No início dos anos 90, morei na Romênia, onde a polícia secreta do ex-ditador Ceaușescu mantinha o país sob controle e brutalidade. Mais recentemente, passei dois anos morando no Zimbábue.

 

 

Nesse meio tempo, visitei vilarejos do sul das Filipinas com cicatrizes de conflitos, os sobreviventes da guerra no norte de Uganda, as plantações de café da Nicarágua, as comunidades maias da Guatemala e muitas outras comunidades onde Trócaire fornece apoio a pessoas vulneráveis.

A opressão e a negação de direitos por meio de força brutal e violenta têm sido um companheiro constante nas últimas duas décadas.

A Palestina é um lugar que tem mantido meu interesse há anos, mas só recentemente tive a oportunidade de visitar pela primeira vez.

Vendo a situação que as pessoas enfrentam lá - da cidade fantasma de Hebron, às vilas rurais das colinas de Hebron do Sul, ao muro de separação que isola os palestinos das terras no Vale de Cremisan - uma coisa soa verdadeira para mim: a negação do básico direitos vêm em muitos disfarces.

Na Palestina, esse disfarce parece muito diferente dos abertamente brutais de muitos outros países que visitei. A opressão da população palestina e o direcionamento das pessoas e de suas terras estão sob o disfarce de 'segurança' e 'proteção legal'.

Escusado será dizer que Israel como Estado tem direito a segurança, proteção e reconhecimento. Mas o que vi nos territórios palestinos não era sobre a segurança de Israel.

A construção de assentamentos nas terras palestinas, expulsando os agricultores de seus campos e demolindo casas, precisa ser vista pelo que é: uma apropriação de terras.

Quando toda a retórica é removida sobre segurança e processos legais, o que resta é uma ocupação ilegal e uma campanha sistemática de deslocamento forçado, demolição de casas e apreensão de terras. É ilegal e imoral.

A bravura e coragem das pessoas que conheci, israelenses e palestinos, que lutam para desafiar isso, é incrível. O povo israelense que desafia sua própria sociedade a vir e ver que a ocupação destrói tanto os ocupados quanto os ocupantes foi particularmente inspirador. A bravura deles é uma luz brilhante no meio de muita loucura.

A situação das pessoas na Cisjordânia é uma clara injustiça, mas em Gaza as pessoas enfrentam uma crise completamente diferente.

Gaza é como nada: 1.8 milhões de pessoas entraram em uma pequena faixa de terra cortada por todos os lados. É a maior prisão aberta do mundo.

E dessa prisão de pobreza e isolamento vem a frustração, a raiva e o ressentimento fervente que gera e dá vida à violência e ao desespero.

Justiça é reconhecer os direitos e a dignidade de todos. E em muitos lugares do mundo, as forças políticas e econômicas fecham os olhos aos abusos e à opressão. Mas trabalhar para uma organização como Trócaire é fundamentalmente falar a verdade ao poder.

Nas duas últimas décadas, muitas vezes me deparo com os punhos fechados da opressão e da injustiça.
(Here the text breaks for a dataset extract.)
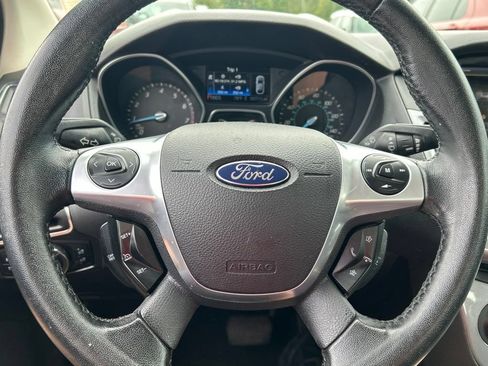 Used 2013 Ford Focus Titanium w/ Titanium Handling Pkg FWD image 20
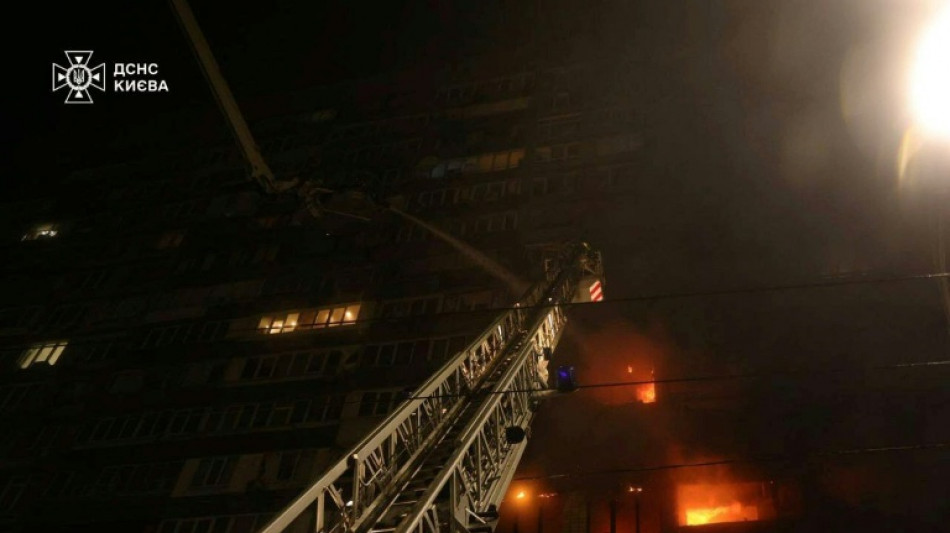 Coupures d'électricité à travers l'Ukraine après de massives frappes russes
E me acostumei a ver os sinais e sentir sua presença terrível e ameaçadora.

Essa presença está em toda a Faixa de Gaza e na Cisjordânia.

É uma injustiça opressiva e é difícil ver como qualquer solução pode ser alcançada até que a articulemos como tal.
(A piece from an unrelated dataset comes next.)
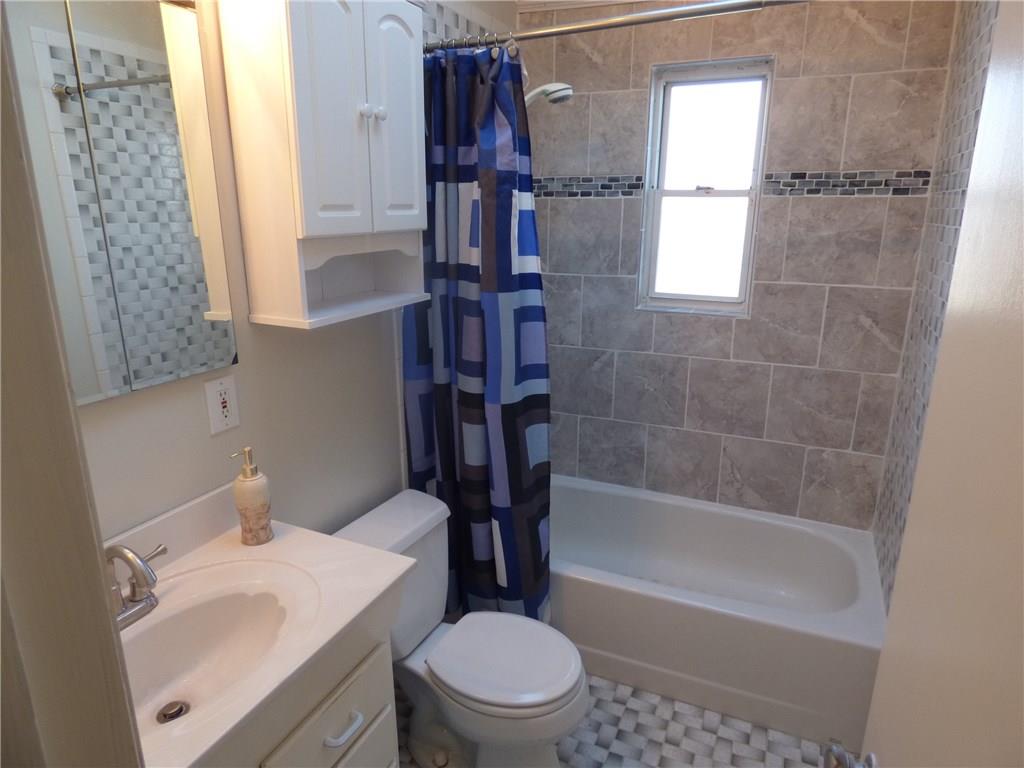 524 Scene Ridge Road Liberty, PA 15133 - Photo 11 of 23 Full bath... wow!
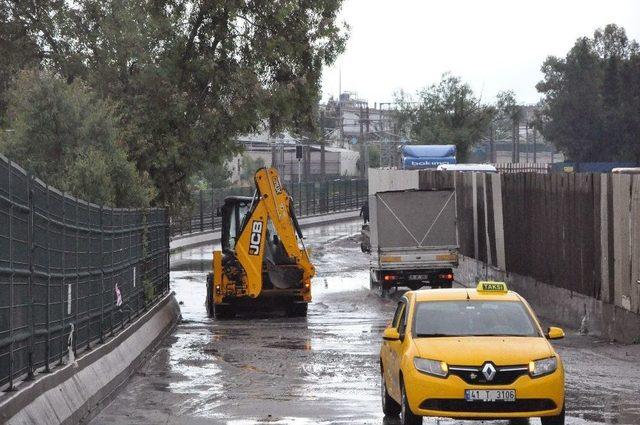 Kocaeli’de Sağanak Yağış Hayatı Olumsuz Etkilyor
Mas, por alguma razão, o mundo não pode falar sobre a verdade do problema.

Enquanto não o fizermos, os assentamentos continuarão a crescer, a terra continuará a ser apreendida e as frustrações continuarão a transbordar em atos violentos e horríveis. Continuaremos a engolir uma dieta diária da mídia de segurança e terrorismo.

Vendo em primeira mão as terras confiscadas, casas demolidas, famílias deslocadas e ruas e estradas segregadas, fica claro para mim que devemos falar a verdade ao poder e desvendar a realidade que muitos procuram esconder.

Então, e somente então, a justiça prevalecerá. ”

END


* Um agricultor palestino mostra o impacto do muro de separação para Seán Farrell e o bispo John McAreavey.

 

Este texto foi publicado originalmente em Blog de Trócaire no 18 janeiro 2016.

A Trócaire é a organização membro do CIDSE na Irlanda.